International students not only make La Crosse a source of workers for the global economy but also contribute more than $10.5 million to local coffers.
The worldwide perspective is reflected at the University of Wisconsin-La Crosse, Viterbo University and Western Technical College, said Jay Lokken, director of UW-L’s Office of International Education.
That reflection will be mirrored during Global Initiatives Week in La Crosse, running Friday through Nov. 15, which coincides with International Education Week.
“UW-L, in partnership with the (La Crosse school) district’s international programs, is building global competency for our children when they enter the work force as they learn about countries around us,” he said. “From elementary schools to the technical school and universities, we are training employees.”
Foreign students affect the community beyond the campuses, said Liz Arnold, chairwoman of Global Initiatives Week.
“International students offer an incredible opportunity not only for the students but also for the economic impact,” Arnold said.
Lokken echoed that assessment, saying, “Viterbo, UW-L and Western bring millions into the schools and the community. And the cultural contribution is an invaluable asset to La Crosse.”

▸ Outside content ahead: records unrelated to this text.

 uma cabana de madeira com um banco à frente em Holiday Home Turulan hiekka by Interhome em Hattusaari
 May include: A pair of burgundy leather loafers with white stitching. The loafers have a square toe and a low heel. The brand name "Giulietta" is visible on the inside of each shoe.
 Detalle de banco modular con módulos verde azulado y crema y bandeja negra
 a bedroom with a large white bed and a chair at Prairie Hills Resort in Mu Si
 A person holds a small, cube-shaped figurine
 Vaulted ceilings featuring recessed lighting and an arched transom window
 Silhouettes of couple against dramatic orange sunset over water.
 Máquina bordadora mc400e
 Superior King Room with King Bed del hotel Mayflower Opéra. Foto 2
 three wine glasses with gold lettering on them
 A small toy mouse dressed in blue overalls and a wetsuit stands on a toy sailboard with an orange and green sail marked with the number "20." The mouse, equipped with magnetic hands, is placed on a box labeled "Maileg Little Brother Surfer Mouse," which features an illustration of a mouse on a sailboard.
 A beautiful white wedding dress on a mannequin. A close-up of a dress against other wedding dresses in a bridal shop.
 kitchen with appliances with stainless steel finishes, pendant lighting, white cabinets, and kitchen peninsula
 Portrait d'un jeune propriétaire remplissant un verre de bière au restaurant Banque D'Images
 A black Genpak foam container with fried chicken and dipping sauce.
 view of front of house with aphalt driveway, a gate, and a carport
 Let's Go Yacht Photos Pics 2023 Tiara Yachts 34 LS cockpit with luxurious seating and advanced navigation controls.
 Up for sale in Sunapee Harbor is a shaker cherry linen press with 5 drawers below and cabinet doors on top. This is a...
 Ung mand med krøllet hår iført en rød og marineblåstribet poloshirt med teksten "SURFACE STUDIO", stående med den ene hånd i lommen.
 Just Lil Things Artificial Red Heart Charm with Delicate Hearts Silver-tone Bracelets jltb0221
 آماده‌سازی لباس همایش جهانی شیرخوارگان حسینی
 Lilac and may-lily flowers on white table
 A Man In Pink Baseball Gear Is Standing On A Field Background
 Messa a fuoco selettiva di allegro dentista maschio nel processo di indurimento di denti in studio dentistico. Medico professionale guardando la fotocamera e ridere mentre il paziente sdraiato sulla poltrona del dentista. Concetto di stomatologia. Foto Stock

Make that monetary contribution more than $10.5 million in the 2011-2012 school year, according to statistics compiled by NAFSA-The Association of International Educators, based on the U.S. State Department’s count of visas issued to students.
UW-L’s international students contributed an estimated $9.25 million in tuition, fees and living expenses to the local economy that year, while Viterbo’s chalked up nearly $1.1 million, according the association. No figures were available for Western.
Overall enrollments at the three schools this fall are 10,427 at UW-L, 2,729 at Viterbo and 7,619 at Western.
UW-L has 350 international students from 30 countries and sent nearly 440 students to study programs around the world last year, Lokken said.
“UW-L is a major player, and there is a significant effort to make it a top-ranked global university,” he said.
Ten to 20 Viterbo students a year study abroad, said Barbara Gayle, the school’s academic vice president.
Many Viterbo students hold full- or part-time jobs, which limits their flexibility for long-term study in other countries, Gayle said.
“We have a large nursing (student) population, and that curriculum is set in stone,” she said.
As an alternative, Viterbo offers a variety of short-term service and study travel options, she said.
A group of nursing students is going to Belize, and another delegation of nursing master’s students is going to Guatemala, she said.
“Exposing students to other ways of being is important because of the complex world they’ll be in,” Gayle said.
Western has four international students, with more showing interest, said Max Vang, a counselor and international student specialist at the school. Vang said he has worked with 20 to 30 international students during the past decade.
“We’re fortunate to blend the riches these students have brought us,” he said. “International students bring in a wealth of riches economically and culturally.”